No es ilógico suponer que lejos del griterío mediático, las ovaciones a sala llena o la brutal interpelación del homo-redes, los caminos hacia la búsqueda de una verdad consensuada pueden hacerse más nítidos. El problema surge cuando, lejos de procurar esos potenciales espacios de sosiego y realpolitik, empieza a importar más el compromiso con la propia verdad que con la común. Cuando, fruto de la embriaguez personal, pecados como la falta de mesura y responsabilidad corrompen el intercambio. Nada de eso nos es ajeno, claro: es la dinámica del arrebato determinista que impuso la revolución. En una polis desvirtuada, sin solares concebidos para la convivencia y avasallada por el hard-power, las anómalas claves de la antipolítica desbancaron las del deber-ser, se extendieron como hiedra pertinaz, trocaron el valor en antivalor, torvo engranaje de la no-sociedad. Lo político quedó relegado al arbitrario pulso que imponía la gran audiencia, y la relación con el demonizado antagonista reducida a la abstracción y la etiqueta.
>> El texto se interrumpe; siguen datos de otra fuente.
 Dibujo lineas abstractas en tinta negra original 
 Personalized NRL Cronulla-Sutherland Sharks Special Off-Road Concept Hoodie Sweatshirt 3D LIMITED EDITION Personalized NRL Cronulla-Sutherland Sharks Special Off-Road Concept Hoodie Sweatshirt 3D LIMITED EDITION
No hay virtud política en la praxis que prescinde del otro, que aspira a exterminarlo, real o simbólicamente, hay que decirlo una y otra vez. Pero luchar ahora contra el hábito hegemónico nos está resultando muy cuesta arriba. En la era del vaciamiento de los contenidos para dar prioridad a la simple forma, al aplauso irreflexivo o la “boutade” sin trascendencia, la adopción de la receta de unilateralidad de los extremismos (más pendientes de cosechar retuits o posicionar slogans en las ágoras virtuales que de bregar con la dificultad que implican las soluciones reales y el fragoso “vis-à-vis”) podría costarnos imperdonables retrocesos.
Aún conscientes del envión identitario y legitimador que resulta de exprimir “L´animo in Piazza” del que habla Maquiavelo, también es sano advertir que, mal calibrado, puede producir espejismos. Y llevar a creer, incluso, que es factible avanzar sin integrar el contraste que aporta el aliado; que será fácil extirpar la presencia abrumadora, asfixiante, tangible del Gran Otro. Torear esos mareos, reconciliarse con el matiz del logro real aunque imperfecto, es también tarea que incumbe al ciudadano. Una cosa es la confrontación, las candelas de lo público. Otra distinta, bregar en privado para cimentar la confianza, el reconocimiento, el vidrioso esqueleto que daría sustento a la solución política. ¡Menuda faena! Por su éxito también sería justo anticipar un buen aplauso.